However, the included studies do not evaluate relative speed of onset using the two routes, which for many drugs is known to be more rapid after parenteral than enteral administration. For opioids, eight included trials compared oral controlled-release morphine with oral immediate-release morphine solution and none found differences with respect to reduced pain intensity or increased pain relief. These studies enrolled a total of 344 patients with a wide range of cancer types and pain types, of which 271 were evaluated (79 percent). The majority of these trials were double-blind but their results still may not be reliable because of high dropout rates (10 to 40 percent). Because these eight studies addressed the same question using roughly comparable methods, we were able to perform a meta-analysis using average pain intensity (during 4 to 14 days of treatment) as the outcome of interest. No difference in pain relief was found between controlled-release morphine and immediate-release morphine solution. The decrease in dose frequency accomplished by controlled-release formulations (transdermal, oral, or rectal) is an implicit advantage of these dosage forms.
Four studies addressed comparative efficacy and adverse effects of oral versus rectal administration of morphine. The generalizability of the results is limited by the small numbers of subjects in each study. Three of these four studies found no difference in efficacy and the fourth observed small but significant differences in onset of pain relief and duration of analgesia, both in favor of the rectal route.
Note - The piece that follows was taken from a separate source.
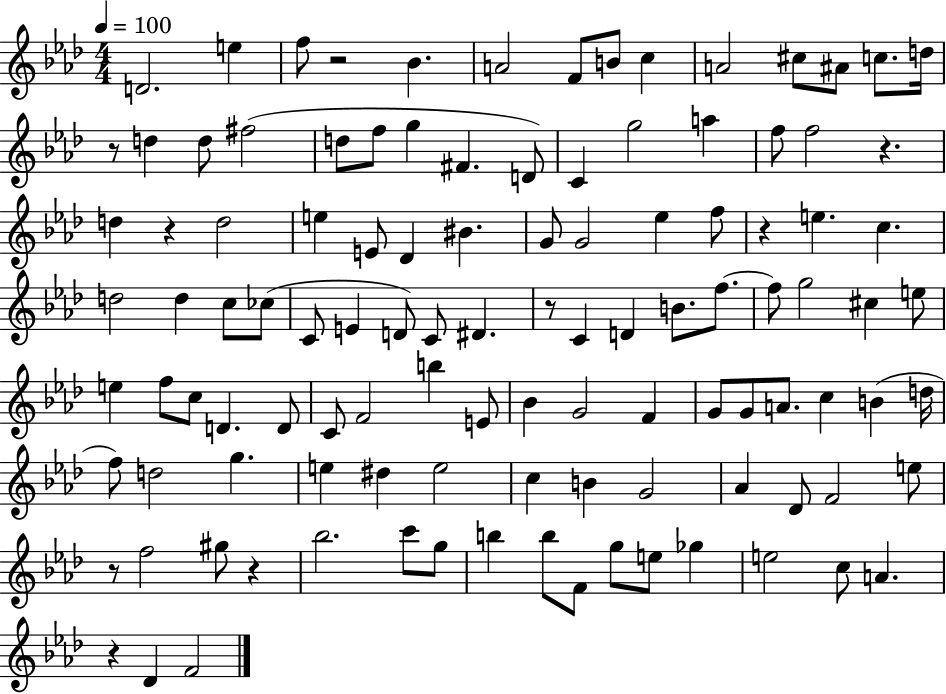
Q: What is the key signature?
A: AES major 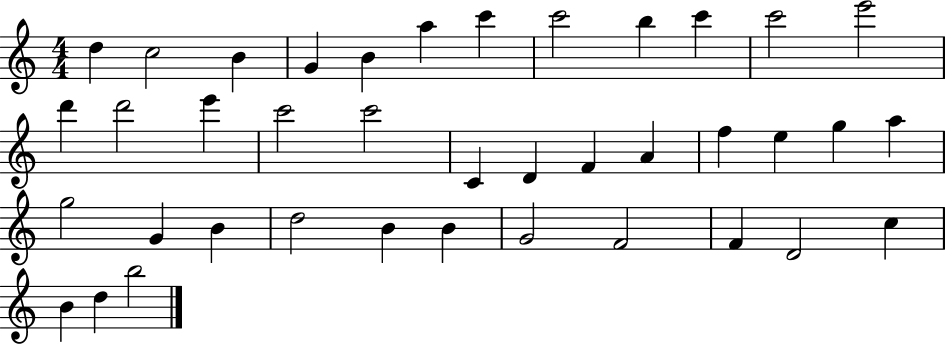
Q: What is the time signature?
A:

No differences with respect to adverse effects were observed between the two routes in three studies, but in the fourth, patients receiving rectal morphine had lower nausea scores. Two of these four studies compared oral and rectal administration of the same formulation (controlled-release morphine tablets) and provided combinable data on pain scores. A meta-analysis of between-treatment differences in average pain intensity throughout each study's duration (4 to 14 days) showed that pain intensity did not differ between the two study arms. One study compared controlled-release rectal suppositories with subcutaneous morphine and reported no differences in overall pain scores, sedation or nausea, or rescue analgesic intake.
These negative conclusions should not be taken to mean that individual patients do not benefit from the selection of one route versus another in specific clinical contexts (e.g., by employing suppositories or transdermal administration when dysphagia limits oral dosing). Insufficient information exists to reveal differences in relative side effects or patient preference for either route.
4. What is the relative analgesic efficacy of palliative pharmacological (chemotherapy, biphosphonates, or calcitonin) and nonpharmacological cytotoxic or cytostatic (radiation therapy or radionuclide) therapy?
We found 31 studies, including 153samarium-EDTMP, etidronate, aminohydroxypropylidene biphosphonate (ADP, pamidronate), salmon calcitonin, and clodronate. The biphosphonate trials are quite heterogeneous, with differing inclusion criteria, concomitant medical and radiotherapeutic treatments, disease categories, dosage regimens, choice of agent, and duration of followup. Methods to assess analgesic efficacy in these trials ranged from analgesic intake to the "requirement" for palliative radiation therapy.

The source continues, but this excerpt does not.